If you’re not careful, custom shortened URLs can be dangerous – just like any other user-provided content.
As an example I’m going to pick on bit.ly. They’re not the only site to have this problem, but since being chosen as the default URL shortener on Twitter they are probably the highest profile.http://bit.ly/robots.txt
Where do you think that link goes? I’d expect it to go to bit.ly’s robots.txt file, defining any parts of their site they don’t want to be crawled or banning some crawlers altogether. Instead, it redirects to someone’s blog – who, in a weird coincidence, links back to one of our sites in his post.
All the owner of that blog would have to do would be to change his post to look like a normal robots.txt file and he could happily ban Google (or Yahoo, or whoever) from crawling any page on bit.ly. You could probably cause a bit of upset by making a Sitemap entry in there that pointed to your own site… I’m not sure if “Noindex:” works in robots.txt but if so that could also be used for mischief.
How does it even work?
You may think that the custom name ‘robots.txt’ shouldn’t have been allowed – bit.ly do not allow ‘.’ to appear in them. However, they will happily strip out any dots in the link and ignore them – so bit.ly/robots.txt is equivalent to bit.ly/robotstxt. Interestingly, this also shows up a bug somewhere in bit.ly. If you click on both of those links, they should take you to the same blog post…
Sometimes clicking those two links will not take you to the same place.
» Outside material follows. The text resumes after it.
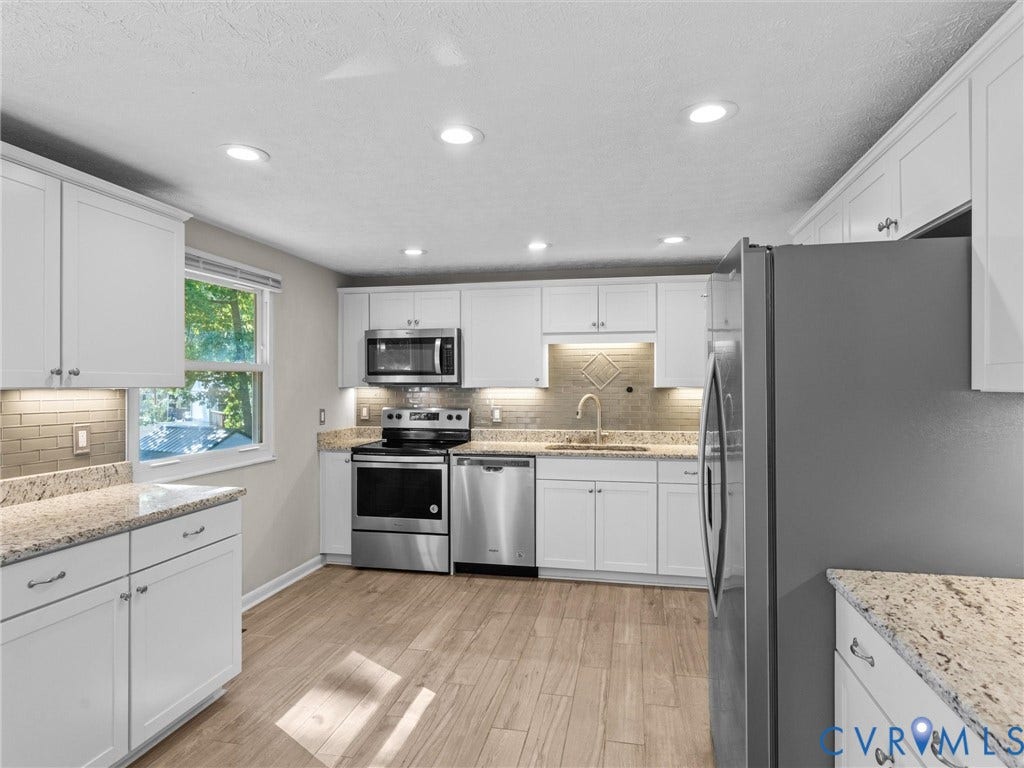 White cabinetry with stainless steel appliances, light-toned wood-finish flooring, recessed lighting, and granite countertops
By comparing the information on the two – robots.txt and robotstxt – you can see that they are actually stored separately in their database.
You may also notice where the first one is supposed to redirect to – I’m clearly not the first one to think of it! As I said before, bit.ly remove dots from the URL before they redirect you – but it seems this doesn’t always happen. By comparing two sets of data you could hazard a guess that around a third of the time, trying to fetch the bit.ly robots.txt will redirect you to the first URL (1) while the rest of the time it will send you to the second (2).
What on earth is going on? My guess is that they are doing something like load balancing over at bit.ly and one of their servers isn’t removing dots in the same manner as the others. It’s redirecting to the one in the database with the dot, which I can only assume was added before they put a check in to prevent it. Their load balancer hits that particular internal server for some percentage of requests. Mind you – that’s just a guess, I’d be interested to hear from bit.ly about it.
HTTP/1.1 301 Moved Permanently
Date: Thu, 24 Sep 2009 09:21:47 GMT
Allow: GET, HEAD, POST
This resource has permanently moved to http://pentabarf.net/bit.ly-robots.txt.
HTTP/1.1 301 Moved
Date: Thu, 24 Sep 2009 09:21:48 GMT
Content-Type: text/html; charset=utf-8
<!DOCTYPE HTML PUBLIC "-//IETF//DTD HTML 2.0//EN">
<A HREF="http://petercoughlin.com/robotstxt-wordpress-plugin/">The requested URL has moved here.</A>
<P ALIGN=RIGHT><SMALL><I>AOLserver/4.5.1 on http://127.0.0.1:7200</I></SMALL></P>
This post mentions “dangers” and I’ve only covered one problem with one site… having said that this post is long and boring enough already so I think I’ll save the others until tomorrow! For now, the moral of the story is: if you’re running a URL shortener, be careful letting people name their own links!